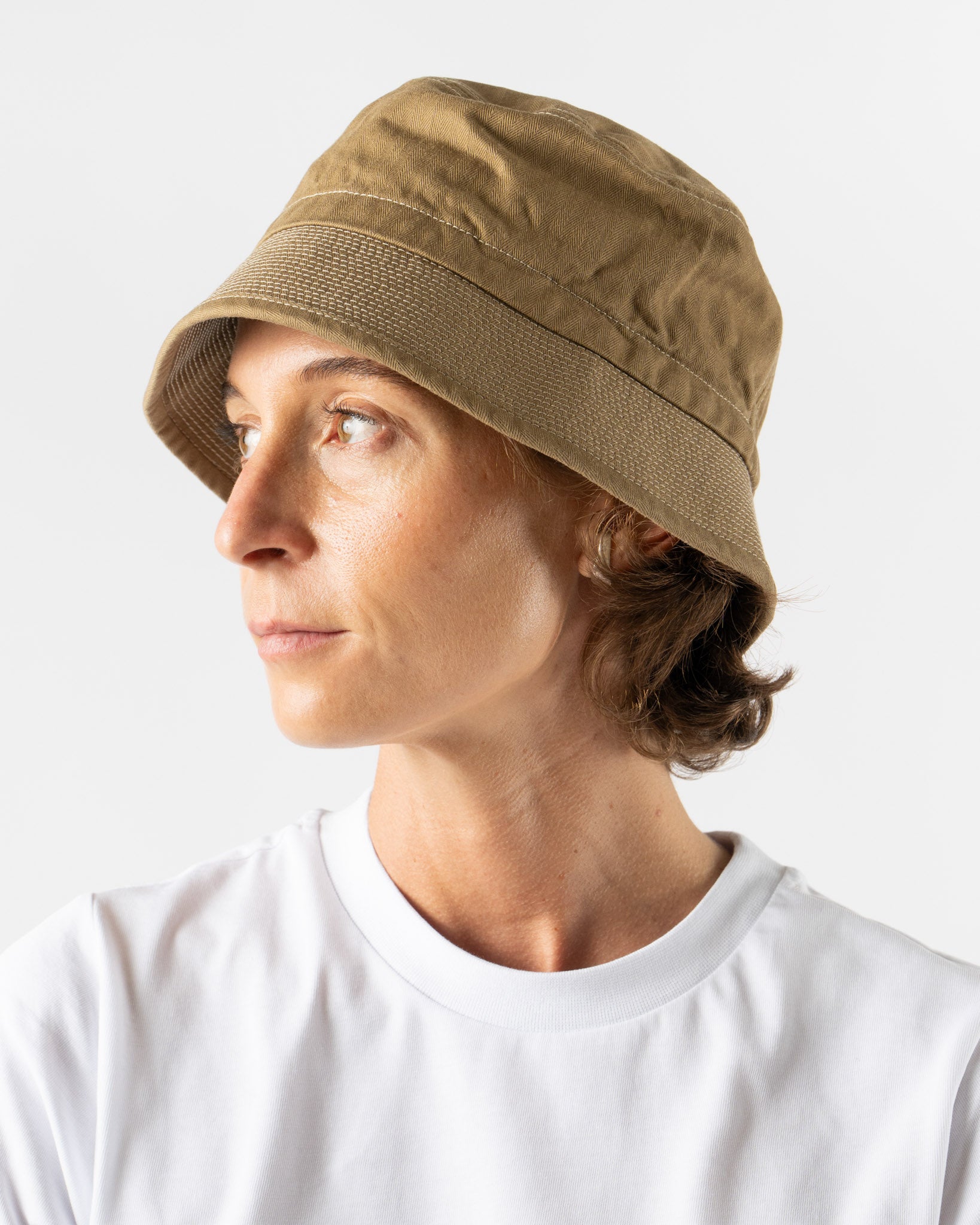 Câbleami Organic Cotton Herringbone Bucket Hat in Beige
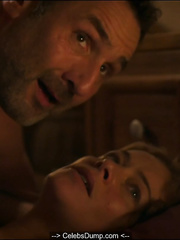 Anne Suarez sexy and topless in Pupille (2018)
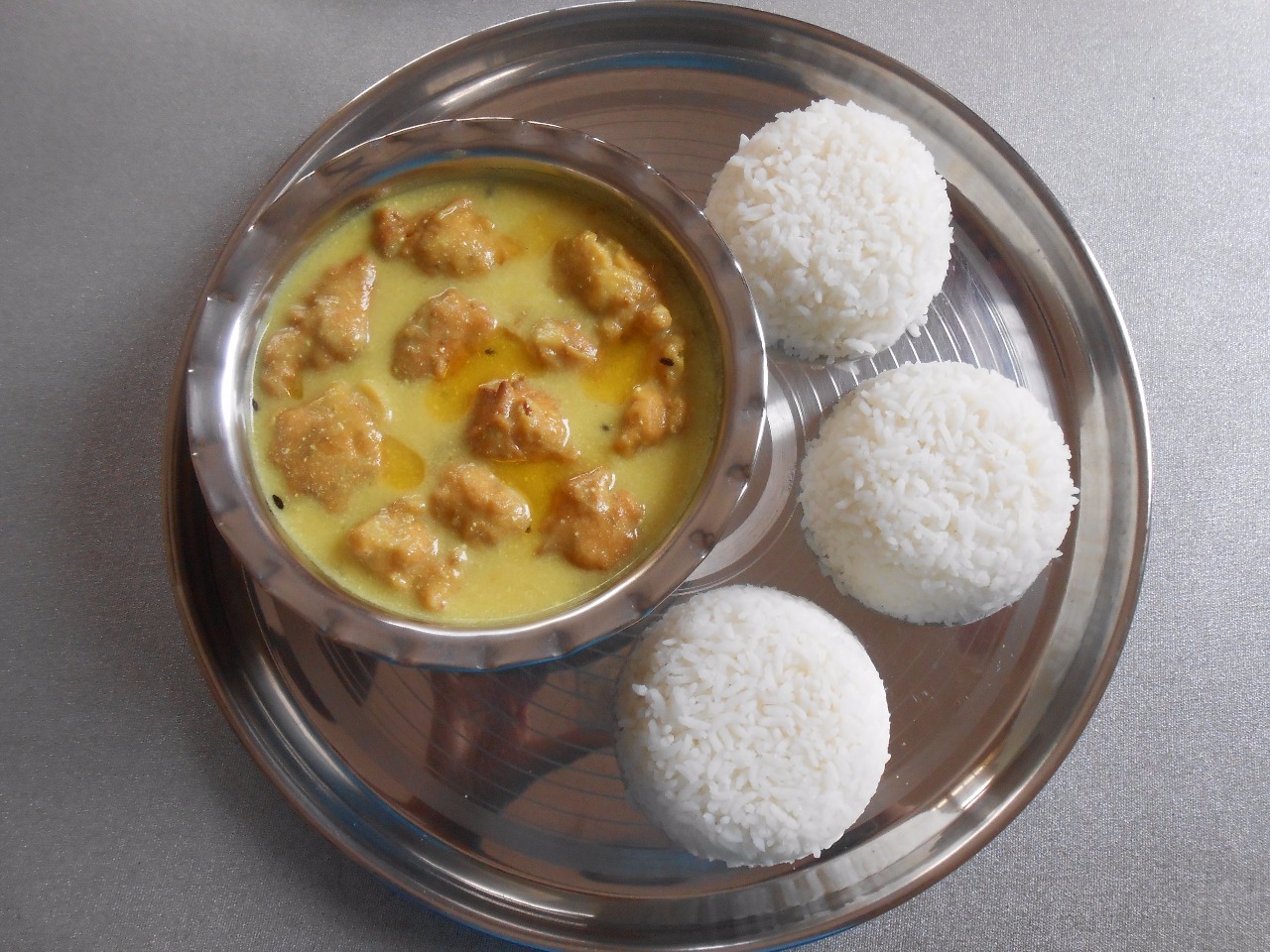Kadhi Chawal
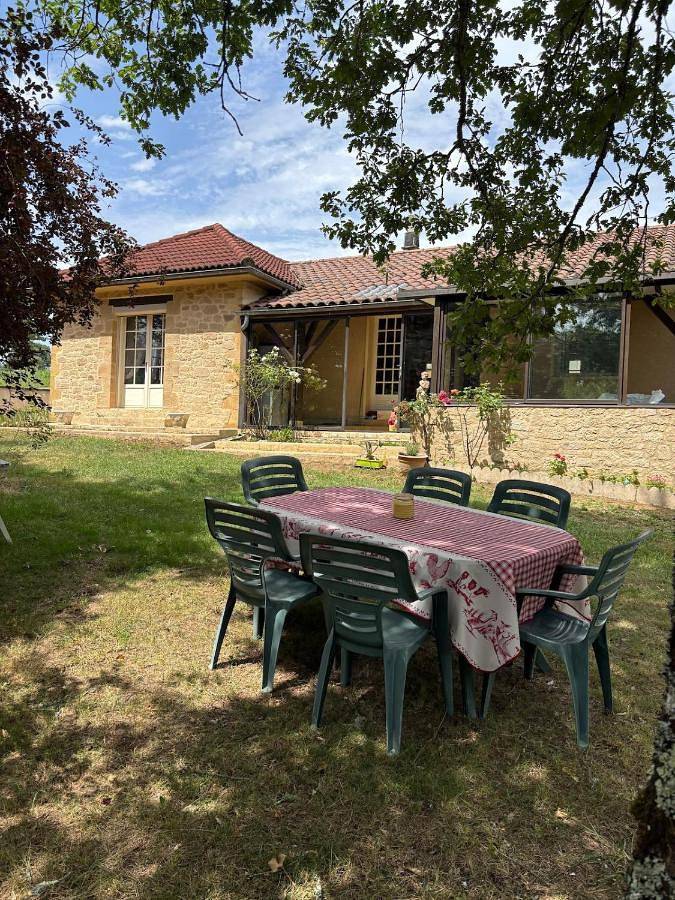 Location de vacances pour 6 personnes, avec jardin et jacuzzi à Paunat
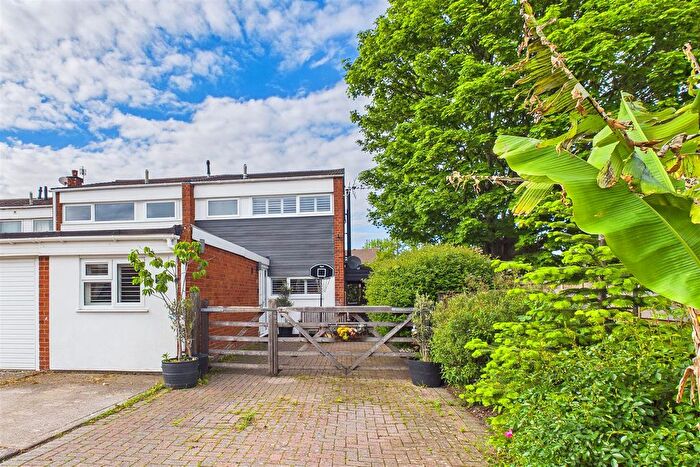 4 Bedroom End Of Terrace House For Sale In Kenn Moor Drive Cul-De-Sac, Close To Town And Schools, BS21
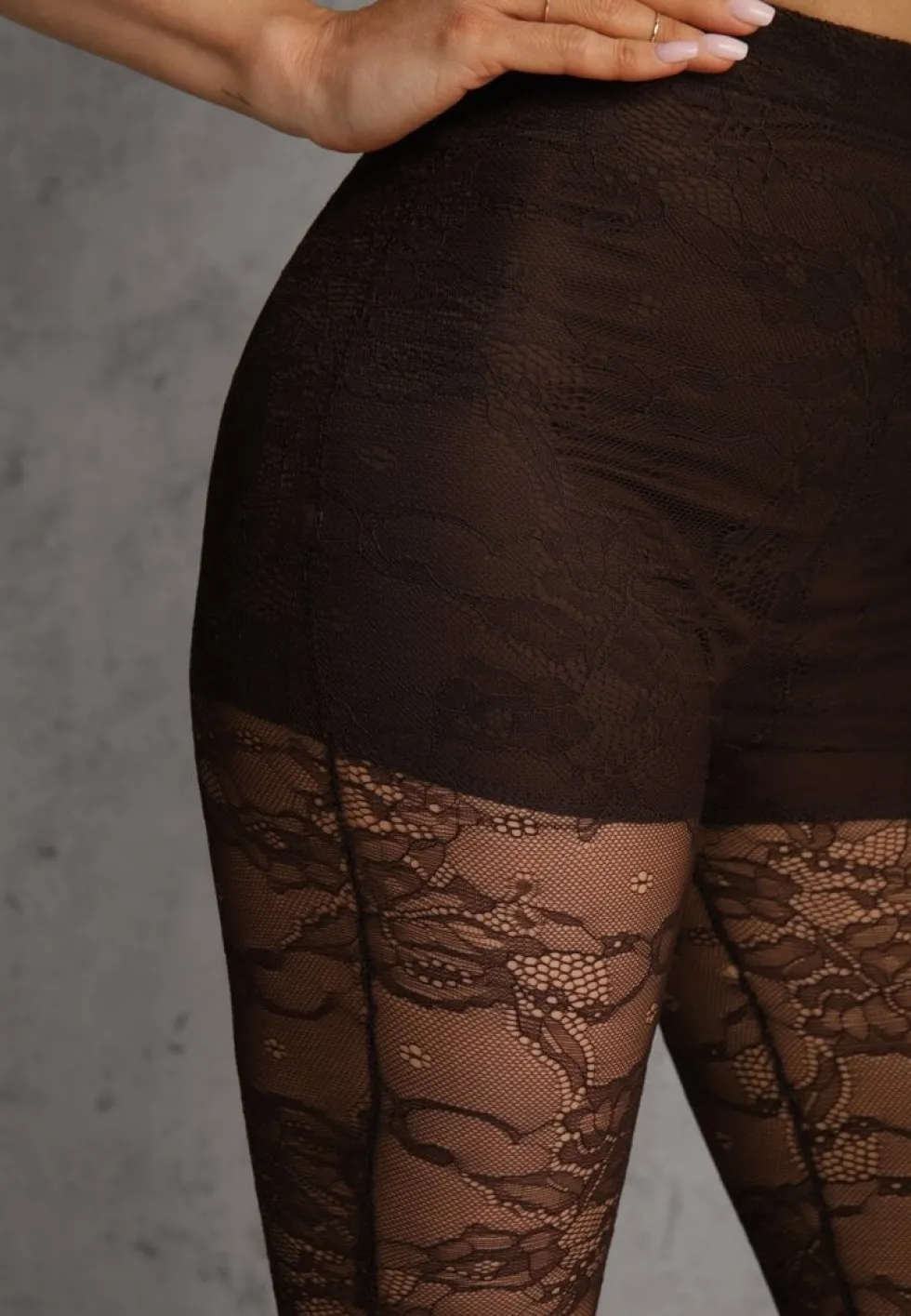 Brązowe Spodnie High Waist o Kroju Dzwonów z Koronki Ferella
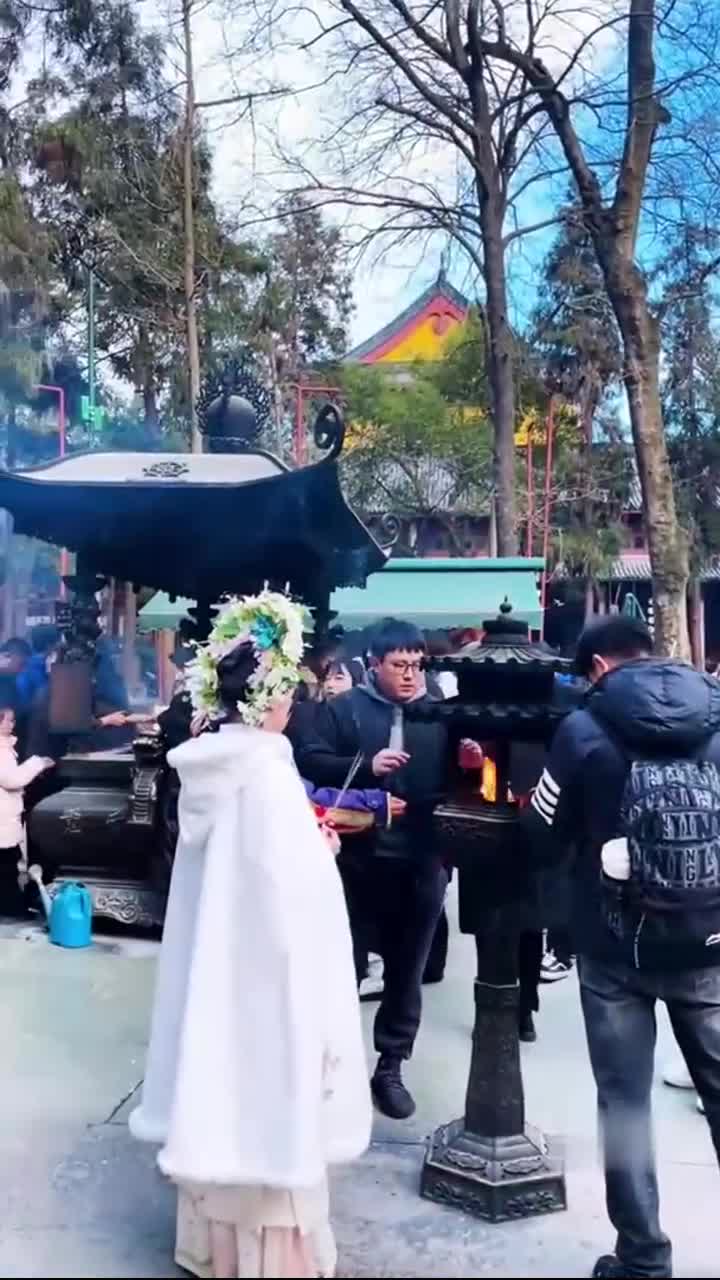灵隐寺不仅仅是一座宗教圣地，一座艺术的殿堂，更是一种信仰，一种对美好生活的向往和追求#来杭州一定要来一趟灵隐寺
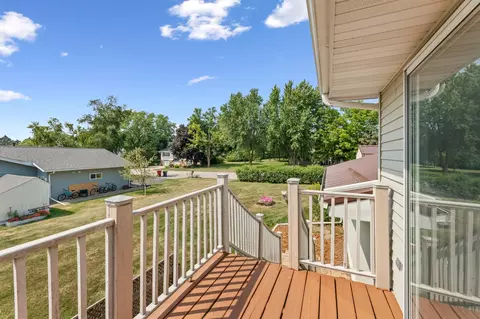 Exterior - 300 8th St NW, Plainview, MN 55964 photo 2 of 8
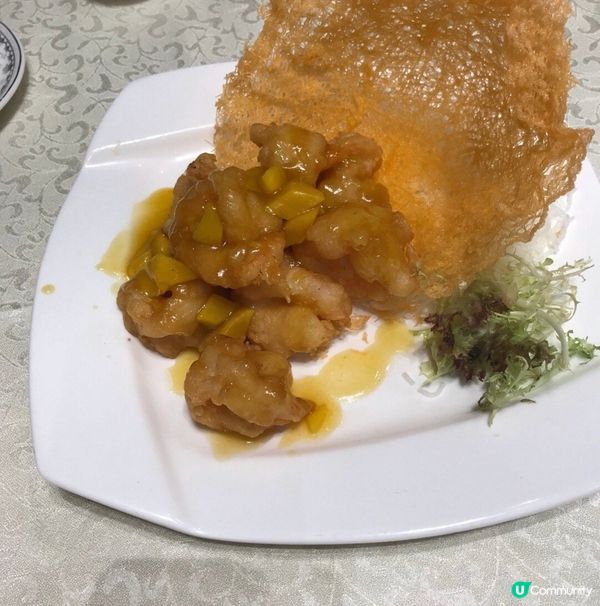 香芒蝦球，炸得脆卜卜，蝦肉彈牙好味，配搭鮮芒果醬，酸酸甜甜，...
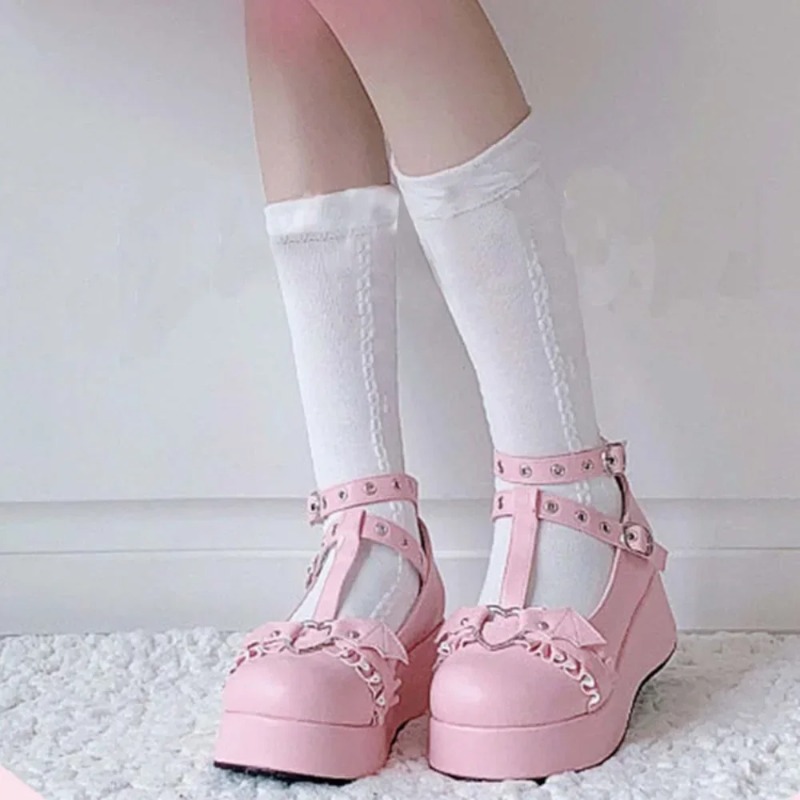 New Sweet Heart Buckle Wedges  - Women'S Shoes In Fashion 评论和价格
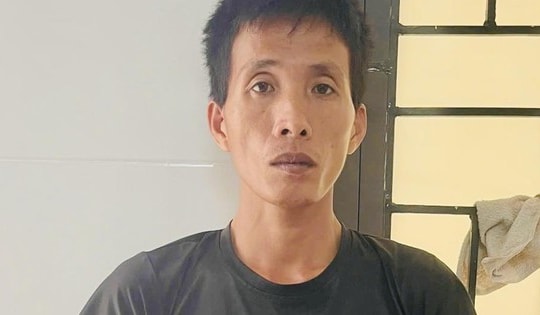 Khởi tố cha dượng bạo hành con riêng của vợ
:::::
> WHAT IS BEING ASKED
Extract precisely the lines beginning at the line containing "New Sweet Heart" and ending at the last line of the entries above, exactly as written and with no pictures.

> WRITTEN ANSWER
 New Sweet Heart Buckle Wedges  - Women'S Shoes In Fashion 评论和价格
 Khởi tố cha dượng bạo hành con riêng của vợ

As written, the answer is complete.